KONJEN JEPANG : Pertemuan antara Konjen Jepang untuk Indonesia (wilayah Surabaya), Tani Masaki bersama pihak Pemprov Katara yang diwakili asisten III bidang administrasi umum, H Zainuddin, Rabu (1/11).

Kilas Bulungan – Konsulat Jenderal (Konjen) Jepang untuk Indonesia, wilayah Surabaya, Tani Masaki melakukan kunjungan kehormatan ke Provinsi Kalimantan Utara (Kaltara), Rabu (1/11) kemarin. Kedatangan Tani Masaki beserta stafnya, diterima oleh Asisten Bidang Administrasi Umum Sekretariat Provinsi (Setprov) Kaltara H Zainuddin HZ yang mewakili pihak Pemerintah Provinsi (Pemprov) Kaltara di ruang kerjanya.

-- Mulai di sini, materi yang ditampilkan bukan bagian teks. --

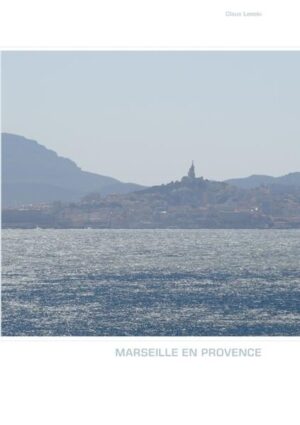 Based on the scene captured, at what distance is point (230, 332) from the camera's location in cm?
5806

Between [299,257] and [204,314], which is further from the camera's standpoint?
[299,257] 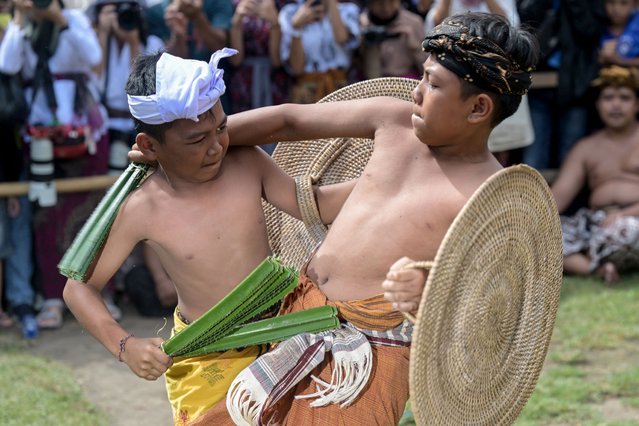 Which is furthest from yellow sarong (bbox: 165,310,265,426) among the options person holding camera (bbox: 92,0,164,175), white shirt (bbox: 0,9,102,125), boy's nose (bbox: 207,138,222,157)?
person holding camera (bbox: 92,0,164,175)

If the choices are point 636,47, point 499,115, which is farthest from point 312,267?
point 636,47

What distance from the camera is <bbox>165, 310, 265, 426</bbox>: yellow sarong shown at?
3.23 meters

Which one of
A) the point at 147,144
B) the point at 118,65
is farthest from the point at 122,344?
the point at 118,65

H Zainuddin mengatakan, kunjungan ini dalam rangka untuk membahas kemungkinan kerjasama yang dapat dibangun antara Pemprov Kaltara (Indonesia) bersama dengan Pemerintah Jepang.

Dalam kunjungannya Tani Masaki menawarkan kerjasama dalam bentuk bantuan hibah untuk membantu kebutuhan dasar masyarakat tingkat akar rumput. Seperti bantuan sarana air bersih, elektrifikasi desa, pengadaan alat medis rumah sakit, maupun Pusat Kesehatan Masyarakat (Puskesmas) dan masih banyak lagi. “Bantuan Akar Rumput sebutan mereka. Dengan bantuan maksimal untuk setiap proyek sejumlah 10 juta Yen atau sekitar Rp 900 juta yang tujuan dan manfaatnya harus jelas untuk masyarakat yang betul-betul membutuhkan,” ungkap H Zainuddin.

Kunjungan Tani Masaki dan timnya di Kaltara akan berlangsung selama 2 hari. Sebelum ke ibukota provinsi, mereka telah terlebih dahulu berkunjung ke Malinau. “Di sana mereka meresmikan 1 ruang perpustakaan dan pengadaan peralatan belajar mengajar untuk kelas di 6 SDIT (Sekolah Dasar Islam Terpadu) Hidayatullah Malinau,” ujarnya.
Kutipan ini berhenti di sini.